And I get that it must be frustrating to be compared to great players of the past, but that’s sort of the whole Hall of Fame thing. This is a forever thing, you know?
And, anyway, Kent should WANT to be compared to players of the past; the whole “most home runs for a second baseman” argument is probably his best one. Does Jeff Kent want only to be compared to players of his own era? If that’s the case, the voters have decided — they voted in Robbie Alomar and Craig Biggio as second basemen. Chase Utley’s got a real shot. Robinson Canó has wrecked his chances with his PED suspensions but he would have been a Hall of Famer, I think.
I guess, in the end, what I’m saying is this: There are obvious Hall of Famers. Slam dunks. I’ll be talking about this as we get rolling on the JoeBlogs Hall of Fame, but there are probably 85 or 90 slam dunk Hall of Famers in baseball history, you know, Mays, Aaron, DiMaggio, Maddux, Schmidt, Gibson, Griffey, Pujols, that sort of player.
Most of us can probably agree that Jeff Kent is not one of those players.
There are second-glance Hall of Famers, players who may not evoke that instant “Oh, wow, one of the truly greatest players ever” but upon quick reflection you realize, “Yeah, that person should be in the Hall of Fame.” Vlad Guerrero. Barry Larkin. Phil Niekro. Harmon Killebrew. Goose Gossage. That sort of player.
I don’t think Kent’s one of those guys, either.
No, he’s very much in the “borderline” class, and players in that class need something super-compelling to push them over the top. For Bert Blyleven, it was all those strikeouts and shutouts and his record in low-scoring games. For Tim Raines, it was that he reached base as often as Tony Gwynn and was perhaps the best pure base stealer ever. For Bruce Sutter, it was the way he popularized the split-fingered fastball.
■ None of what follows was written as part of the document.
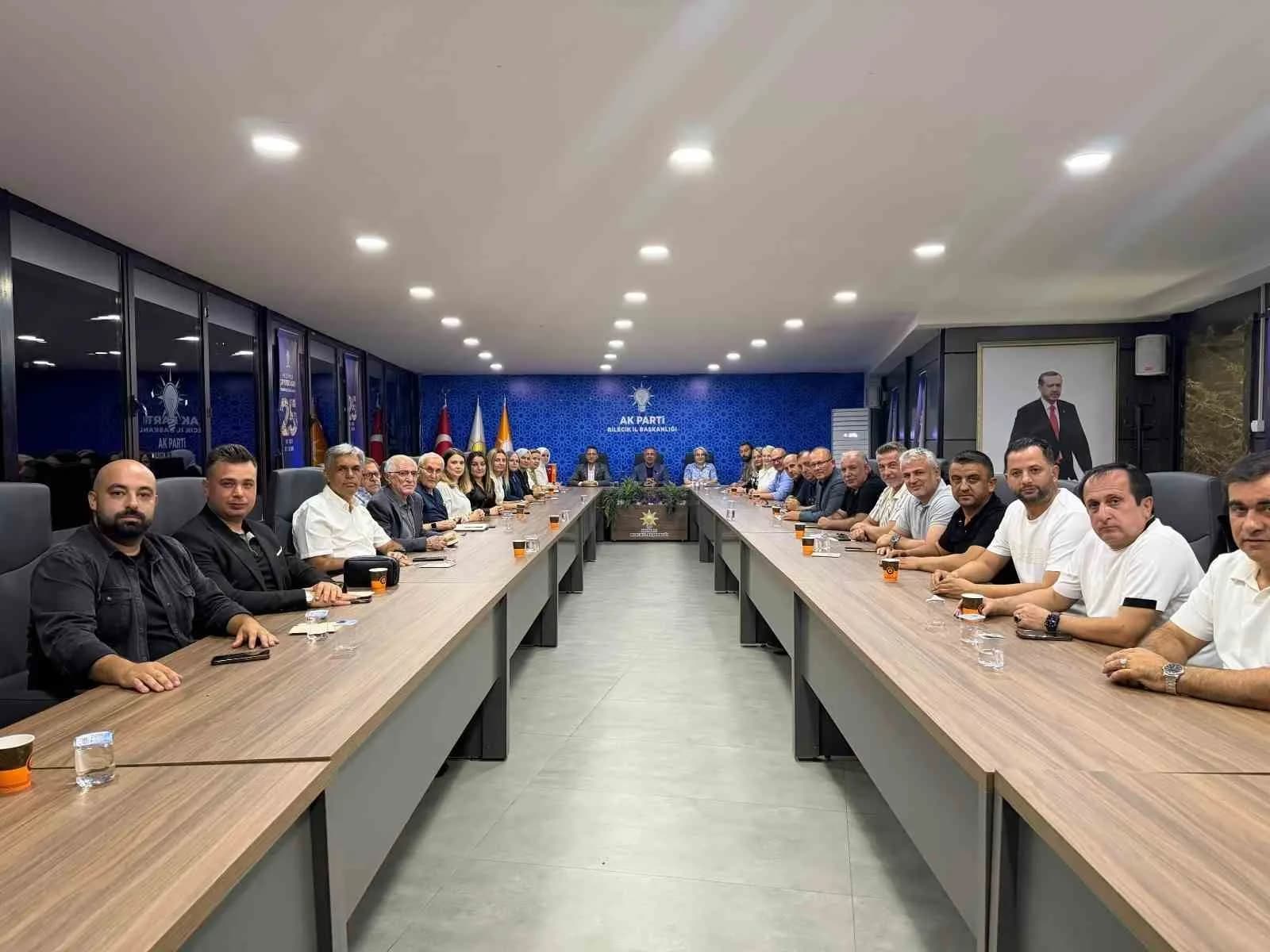 AK PARTİ BİLECİK’TE HAFTALIK YÖNETİM KURULU TOPLANTISI YAPILDI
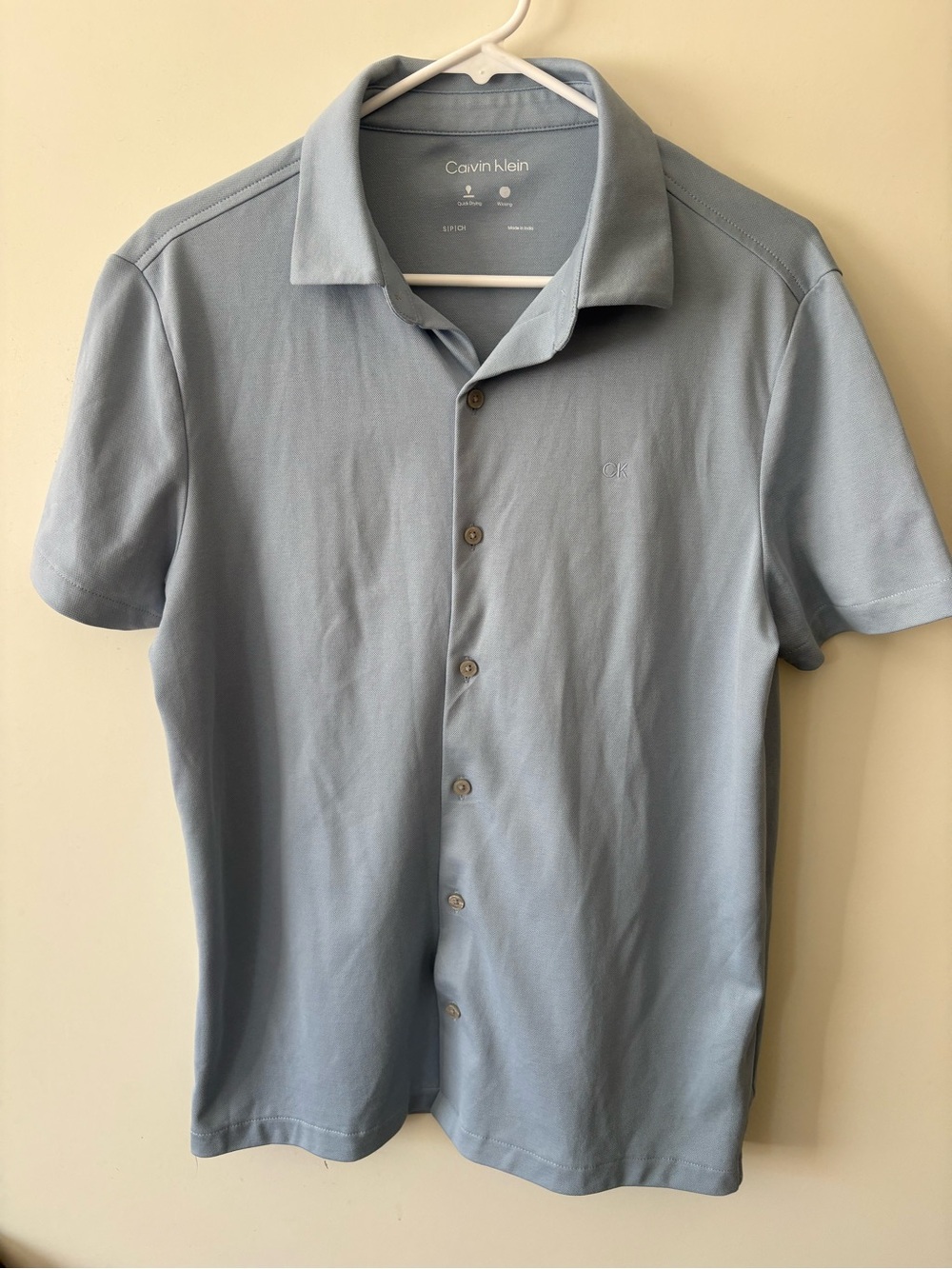 Calvin Klein Men's Light Blue Short Sleeve Button Polo small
I’m sorry that the Kent supporters didn’t find that compelling something that moved the masses, but that’s no reason to lash out. Kent still has a great chance of getting elected by a veterans committee. I suspect he will, because I suspect that “most home runs by a second baseman” detail will move them more than it moved BBWAA voters.









"But calling him the best offensive second baseman ever is gaslighting at its finest. "
I think someone exaggerating their opinion on the greatness of a player is not gaslighting. There should be a more appropriate term (see below) for this so that gaslighting can be reserved for more serious forms of manipulation that question someone's sanity. The latter is abusive, manipulative, and evil, while the former is just plain ol' blowharding, windbagging, and/or ridiculousness.
I'm not sure that Scott Rolen is really HOF-worthy or if he just benefited from a weak field this year (honestly, I'm a casual enough fan that my reaction on hearing he was elected was, "Who?"). But y'know what? After hearing Rolen's amazingly humble reaction to getting in and Kent's not-so-humble reaction to not getting in, I'm happy it was Rolen.